H-France Review Vol. 6 (October 2006), No. 120

Tracey Rizzo, A Certain Emancipation of Women: Gender, Citizenship, and the Causes Célèbres of Eighteenth-Century France. Selinsgrove, PA: Susquehanna University Press, 2004. 132 pp. Bibliography and index. $34.50 U.S. (cl.). ISBN 1-57591-087-X.

Review by Mita Choudhury, Vassar College.


Over the last several decades, historians have successfully used legal causes célèbres to uncover how relatively obscure individuals negotiated the demands and crises of early modern life. Most famously, Natalie Zemon Davis has investigated the trial of Martin Guerre to shed light on the more intimate aspects of sixteenth-century peasant families and their communities. Davis’s narrative and Judith Brown’s study of a lesbian nun have contributed to women’s history by providing important examples of how women could achieve varying degrees of independence within a patriarchal society. Such causes célèbres were important cultural moments that often highlighted disruptions in the social order and therefore generated anxiety. At the same time, they also represented an opportunity for lawyers and social theorists to reevaluate social and political norms. In her work on pre-revolutionary causes célèbres, Sarah Maza has argued that lawyers used private conflicts to make political points and thus contributed to the emergence of a new political culture.[1]

Tracey Rizzo’s study of causes célèbres seeks to bring together the different approaches found in the work of Davis, Brown, and Maza. Through a close textual analysis of Nicolas Des Essart’s Causes Célèbres, the most famous eighteenth-century compendium of trials, Rizzo investigates how the litigation process of the 1770s and 1780s afforded women the opportunity to claim certain rights for themselves. According to Rizzo, lawyers who defended women in cases involving seduction, separation, and rape, maintained that their clients’ virtue had been compromised by the tyranny of selfish men, errant laws, and even public opinion itself. Rizzo thus seeks to complicate the place of women in the emergent public sphere. Building on the scholarship of Joan Scott and Carla Hesse, who have examined female citizenship during the French Revolution, she argues that the exclusion of women from citizenship was not automatic and non-negotiable in the pre-revolutionary period.

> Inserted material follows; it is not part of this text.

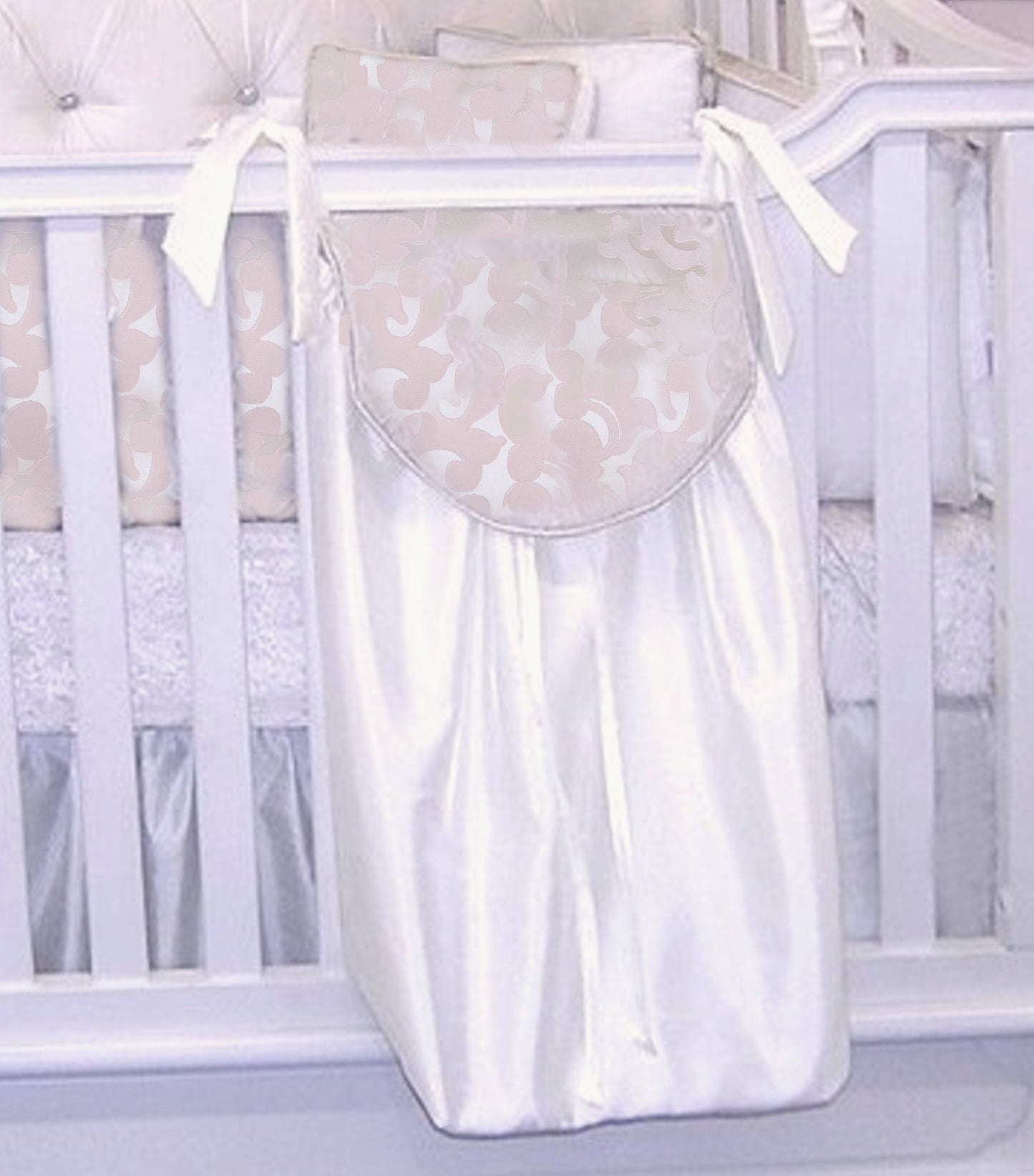 Blush Petal Diaper Stacker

Rizzo identifies the “certain emancipation of women” as a “liberatory moment, an opening, in which late eighteenth-century constructions of female citizenship offered virtuous women, regardless of rank or even race, ‘strategic possibilities’ for establishing modern identities”(p. 12). This “moment” was the result of the confluence of three major cultural and political developments in the late eighteenth century. First, lawyers who espoused Enlightenment ideas of natural law began reevaluating family law that traditionally privileged masculine authority. Second, the period witnessed a relentless critique against paternal and monarchical authority. And last, “as readers and subjects, as representations and as historical actors, but more directly as authors and consumers,” women participated in a cult of sensibilité through their reading of sentimental fiction, which featured endless images of tormented, self-sacrificing virtue (p. 15). Within these broader cultural trends, women were able to achieve a modern identity through the help of their lawyers who portrayed them as capable of reason, moral judgment, and virtue, the same qualities that merited citizenship.

Virtue was a recurrent theme in the forensic arguments made on behalf of women, but its meaning was contained within what Rizzo describes as a complex and paradoxical “narrative and counternarrative.” On the one hand, women, as mothers and wives, exercised a form of virtue that influenced those around them and therefore the larger polity. These contributions qualified them as citizens; moreover, they were, in fact, the beneficiaries of progressive legislation, particularly in the early years of the French Revolution. However, even as legal and political opportunities opened up for women during the early Republic, representations of sexual difference and the prescription of domesticity severely limited women’s participation in the public arena, and led to women being rhetorically and then more literally confined to the private sphere. While the Revolution dramatically illustrates the tensions inherent in this construction of virtue, Rizzo argues that the “lived experiences” of women in prerevolutionary France, as revealed in Des Essarts’ Causes Célèbres, indicate that many women were able to assert themselves precisely because of the complex understanding of virtue and the fluid definitions of citizenship.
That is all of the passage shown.